TASK TO CARRY OUT
Retype word for word the stretch of entries below from the line that has "FOX MILL ESTATES - Residential" through the line that has "У будинок родини з Сумщини потрапив снаряд", and omit the pictures.

[Start of section]

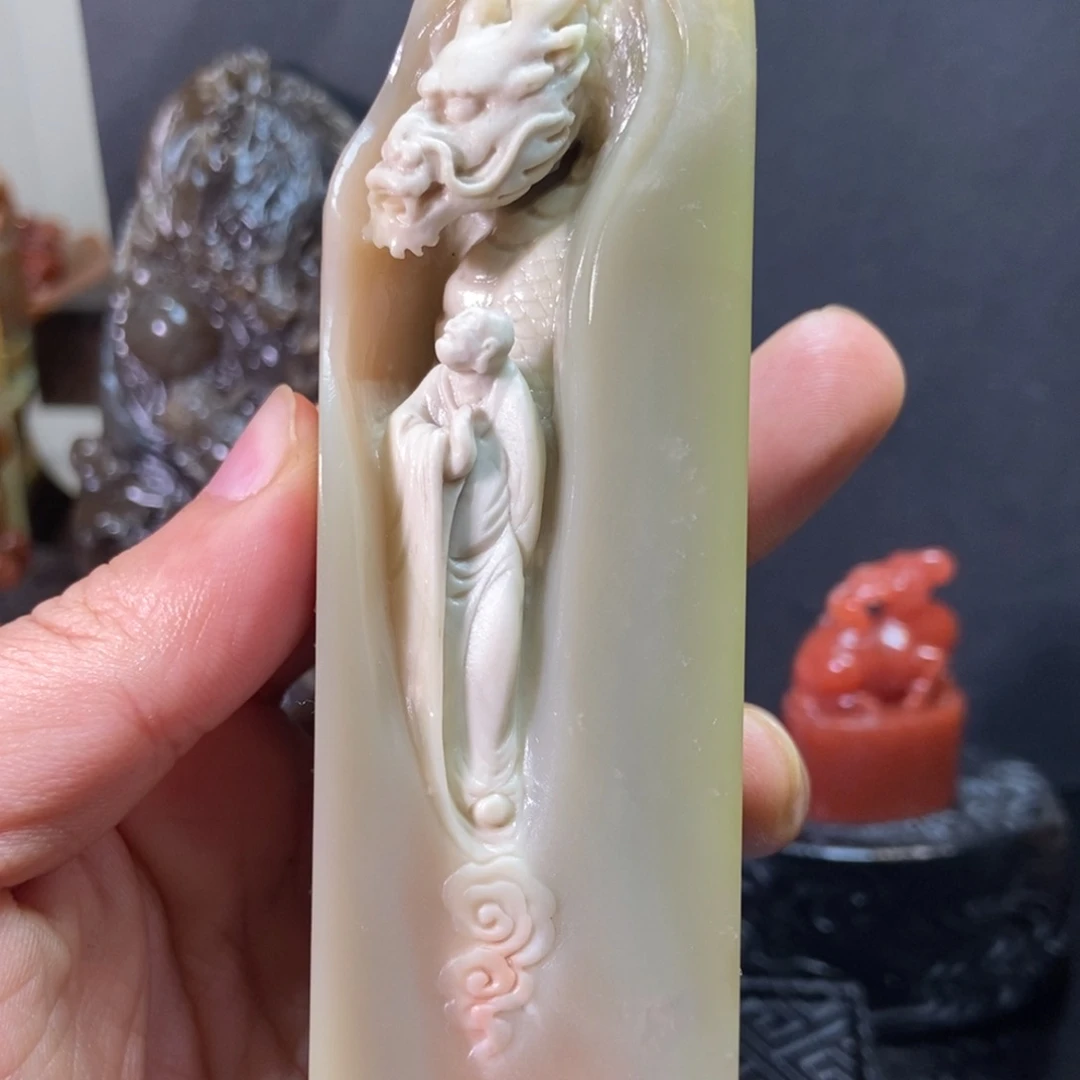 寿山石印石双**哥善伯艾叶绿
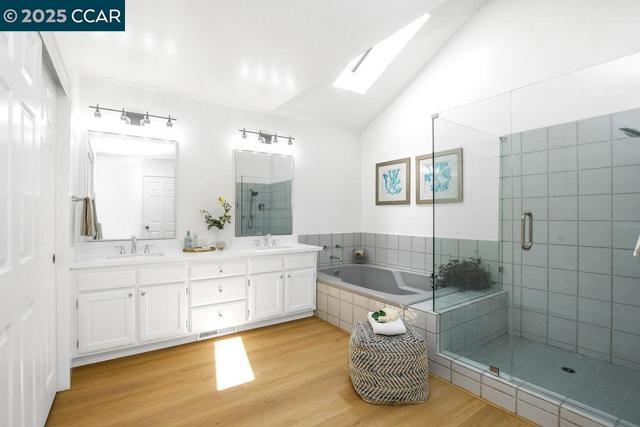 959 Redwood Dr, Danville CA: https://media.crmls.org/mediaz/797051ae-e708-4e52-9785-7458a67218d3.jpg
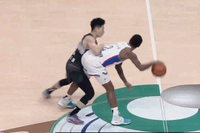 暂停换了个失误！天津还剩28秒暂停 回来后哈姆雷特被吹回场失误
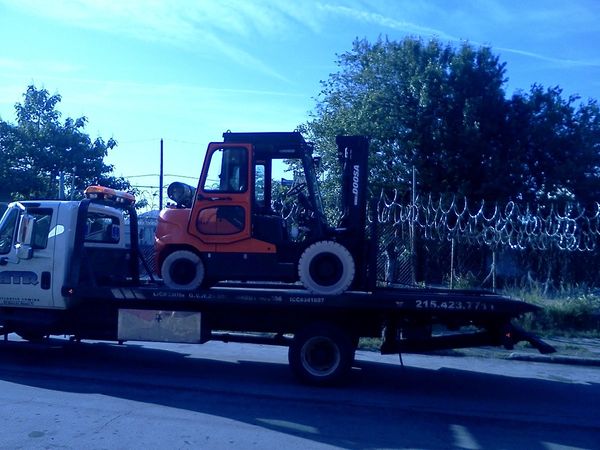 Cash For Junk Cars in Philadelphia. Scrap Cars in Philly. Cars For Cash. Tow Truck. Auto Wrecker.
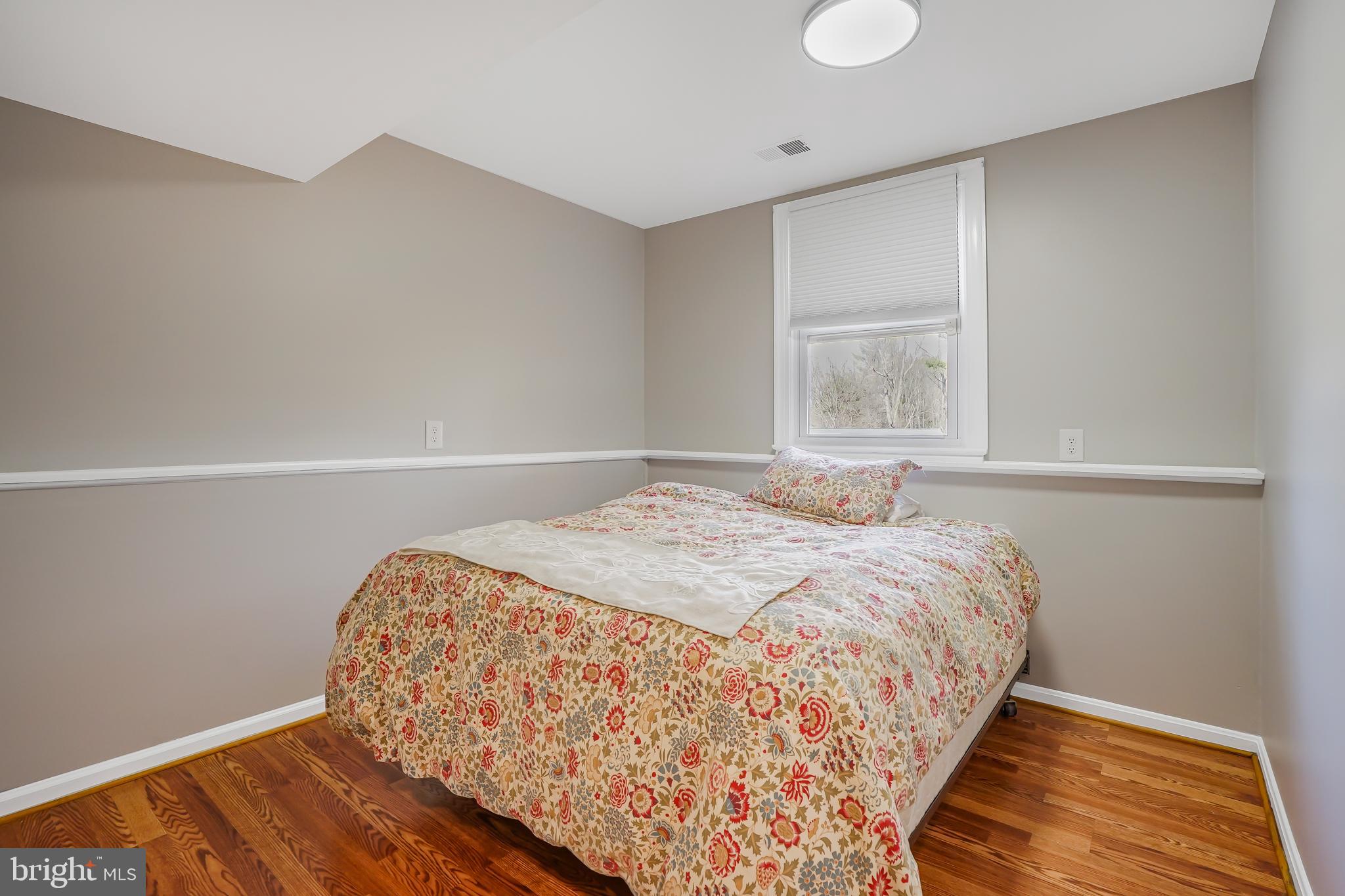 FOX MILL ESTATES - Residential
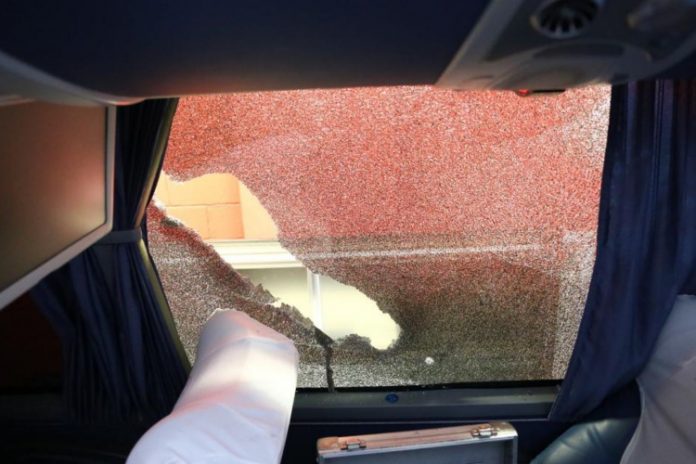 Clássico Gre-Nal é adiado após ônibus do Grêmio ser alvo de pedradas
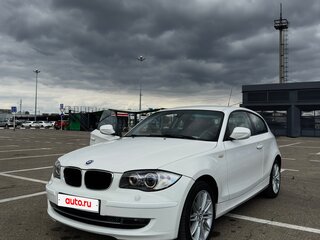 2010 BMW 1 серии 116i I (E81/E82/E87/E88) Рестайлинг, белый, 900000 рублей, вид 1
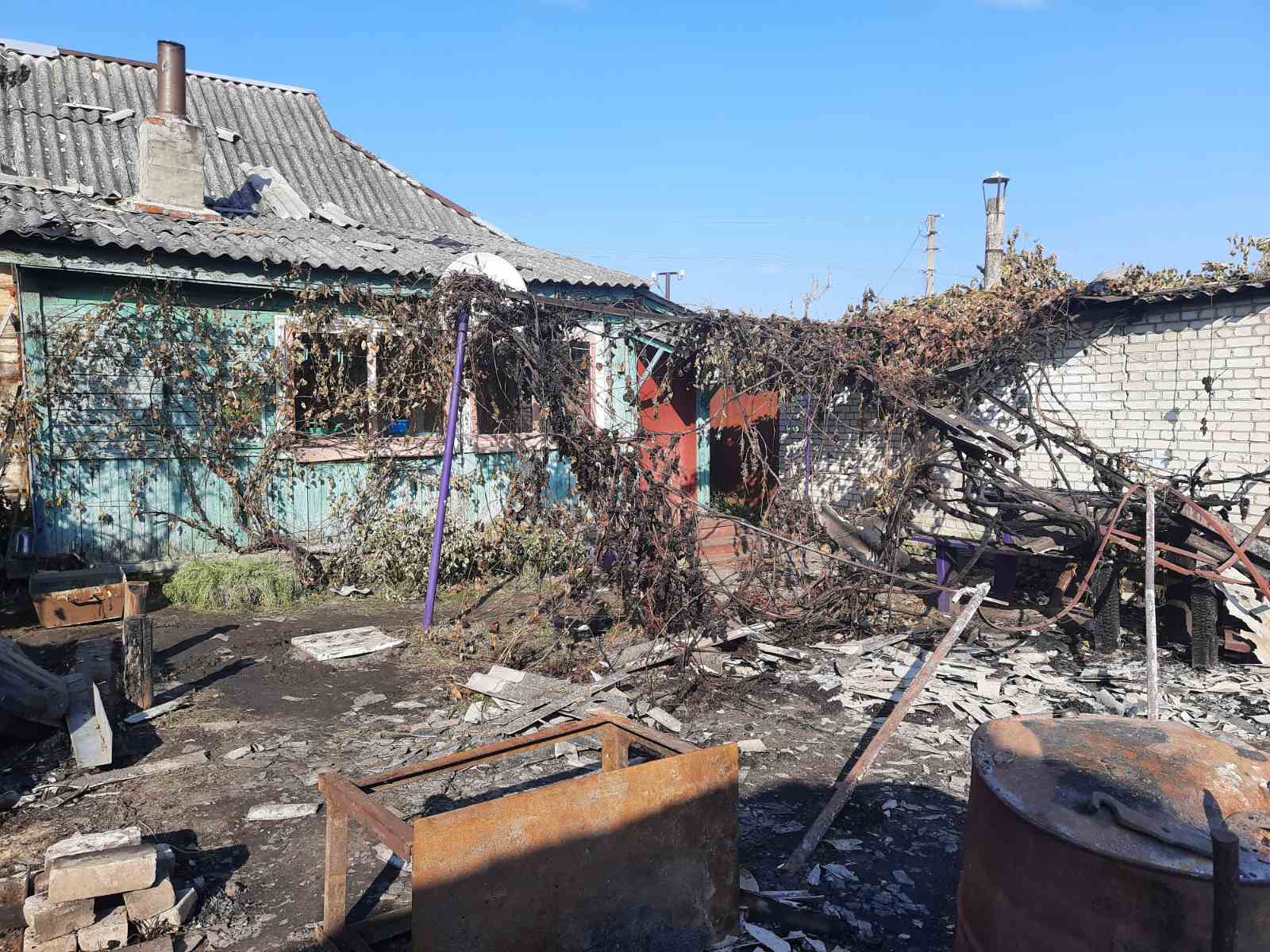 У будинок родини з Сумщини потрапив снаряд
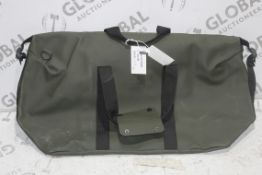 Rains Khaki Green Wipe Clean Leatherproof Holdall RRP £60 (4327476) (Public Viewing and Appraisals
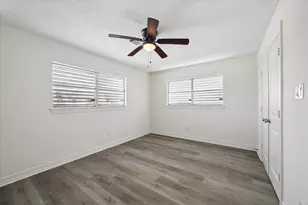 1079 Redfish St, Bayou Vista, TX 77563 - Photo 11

[End of section]

WRITTEN SOLUTION
 FOX MILL ESTATES - Residential
 Clássico Gre-Nal é adiado após ônibus do Grêmio ser alvo de pedradas
 2010 BMW 1 серии 116i I (E81/E82/E87/E88) Рестайлинг, белый, 900000 рублей, вид 1
 У будинок родини з Сумщини потрапив снаряд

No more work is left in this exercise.